* Required work
Verbatim output, no pictures: the lines from the beginning of the material through the line with "mateoleonee online show from 02-15-25, 08:01", both ends kept.

* Extracted entries
===============
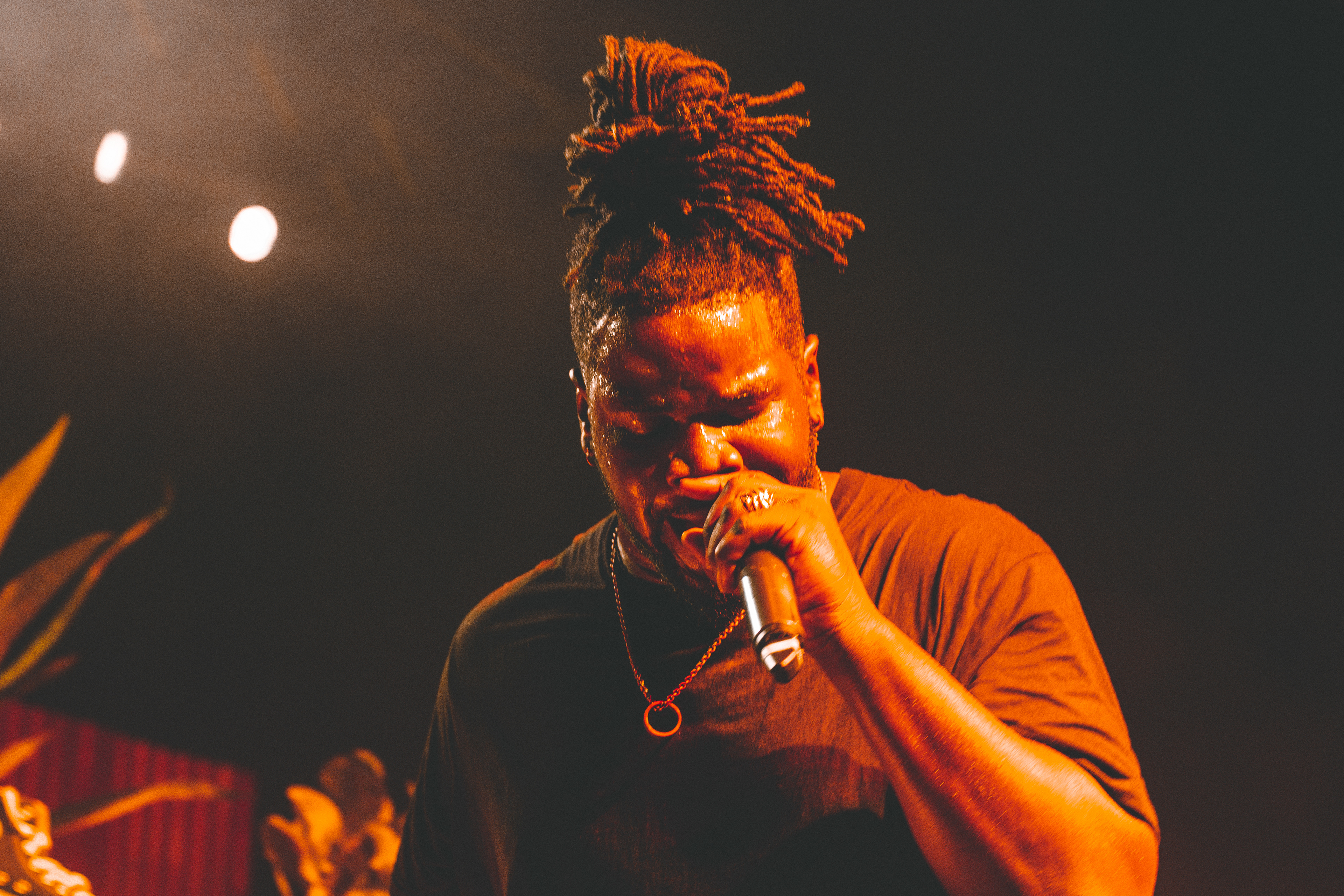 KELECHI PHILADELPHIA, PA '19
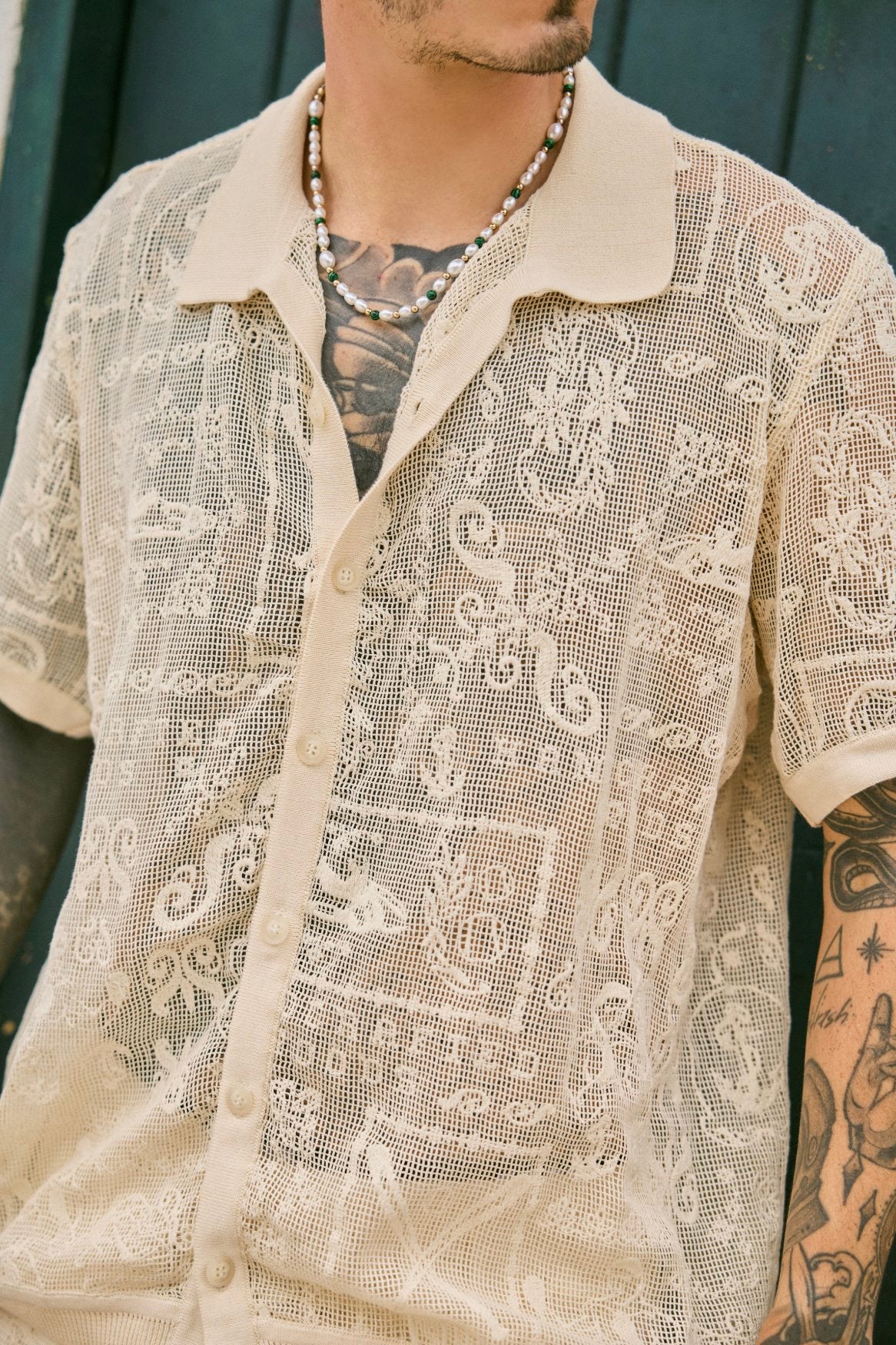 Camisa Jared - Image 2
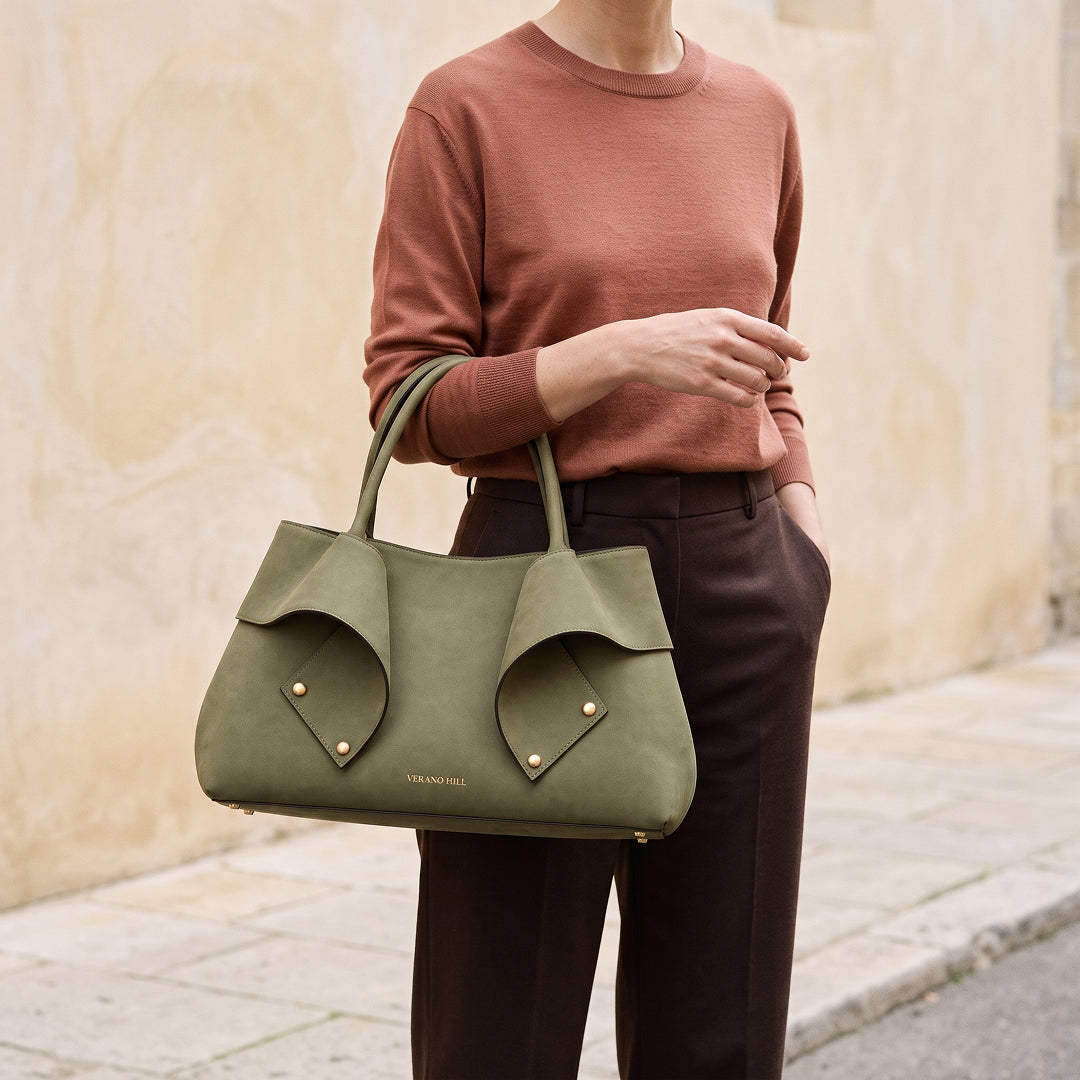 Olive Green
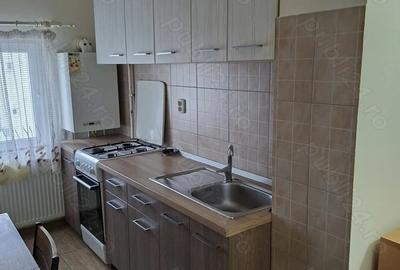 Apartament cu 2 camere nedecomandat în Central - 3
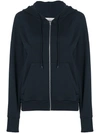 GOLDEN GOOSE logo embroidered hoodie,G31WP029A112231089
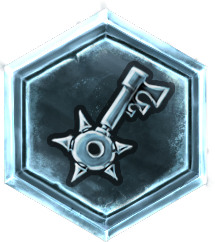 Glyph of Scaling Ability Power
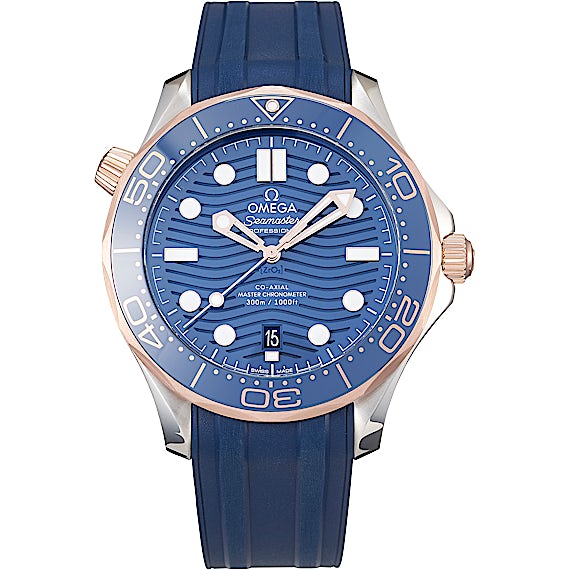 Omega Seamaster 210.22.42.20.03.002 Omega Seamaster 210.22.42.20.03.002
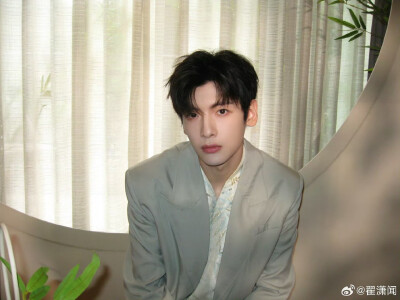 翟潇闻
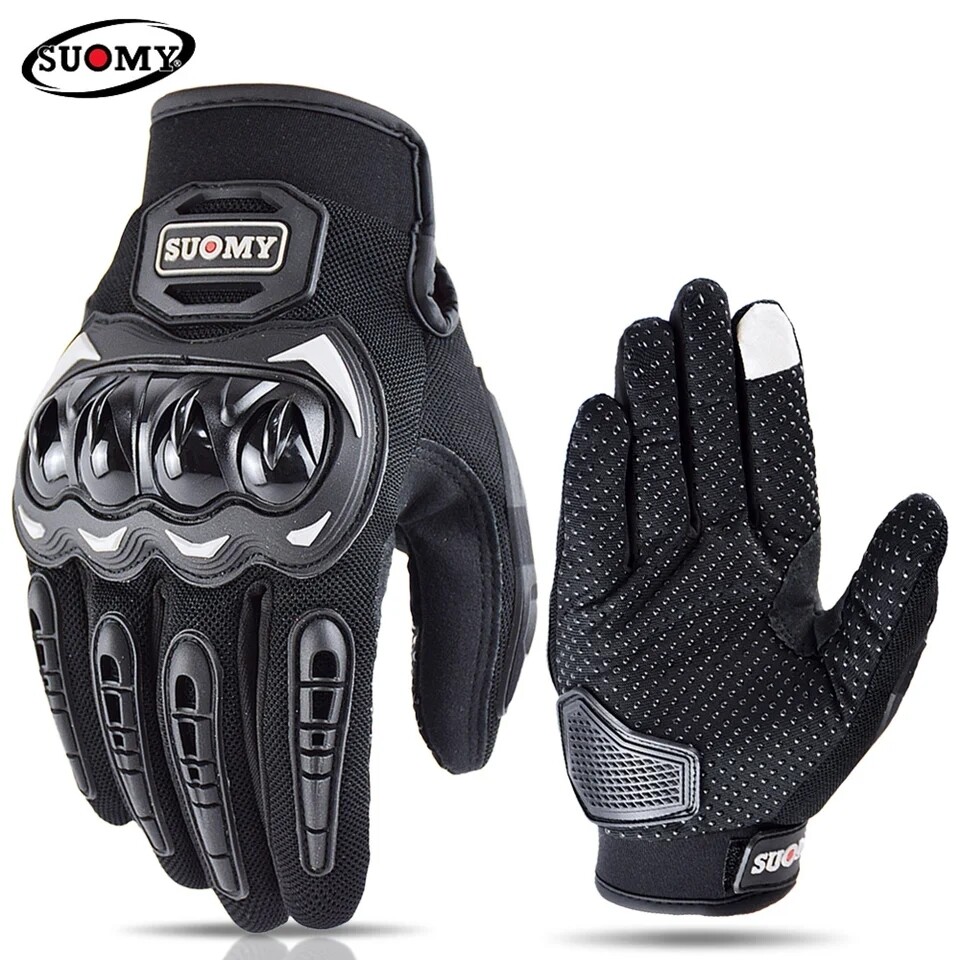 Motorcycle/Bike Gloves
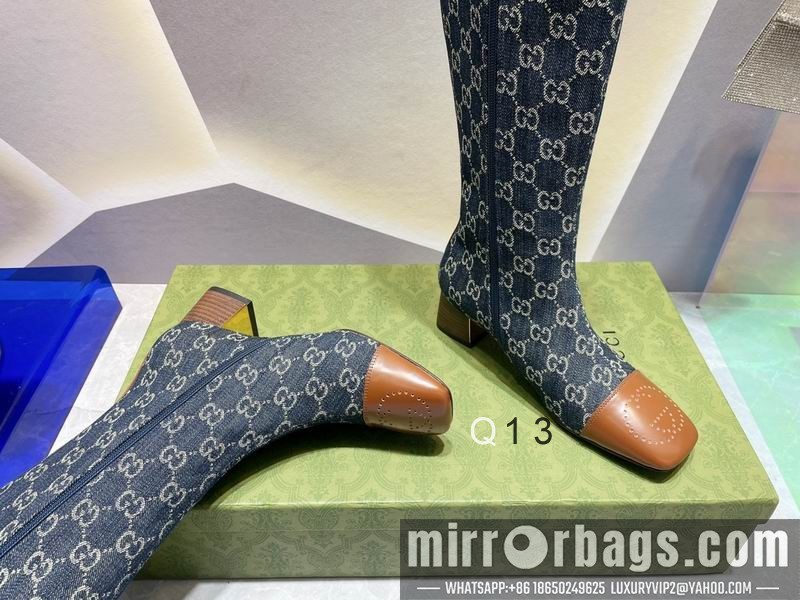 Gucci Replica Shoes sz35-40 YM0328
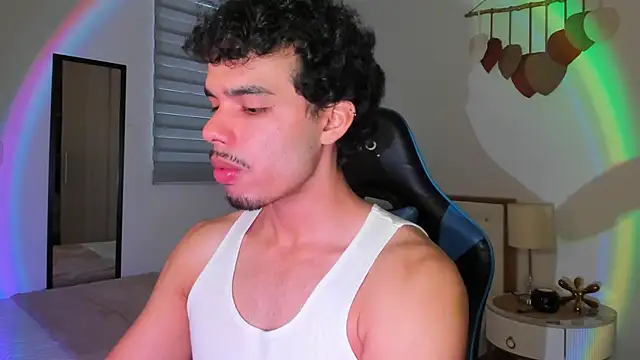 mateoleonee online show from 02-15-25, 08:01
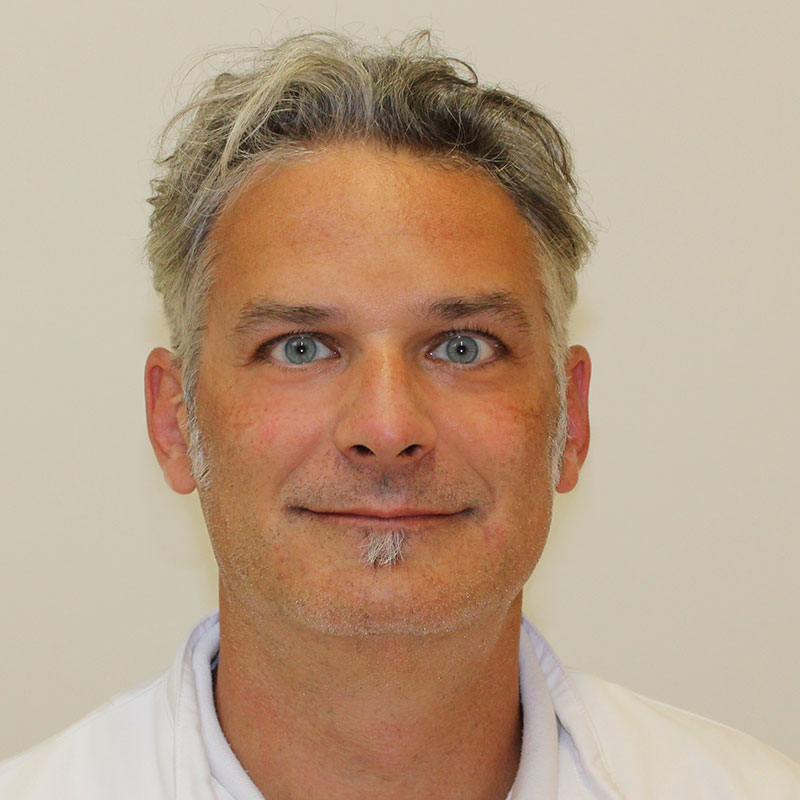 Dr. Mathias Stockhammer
===============
* Answer box
 KELECHI PHILADELPHIA, PA '19
 Camisa Jared - Image 2
 Olive Green
 Apartament cu 2 camere nedecomandat în Central - 3
 GOLDEN GOOSE logo embroidered hoodie,G31WP029A112231089
 Glyph of Scaling Ability Power
 Omega Seamaster 210.22.42.20.03.002 Omega Seamaster 210.22.42.20.03.002
 翟潇闻
 Motorcycle/Bike Gloves
 Gucci Replica Shoes sz35-40 YM0328
 mateoleonee online show from 02-15-25, 08:01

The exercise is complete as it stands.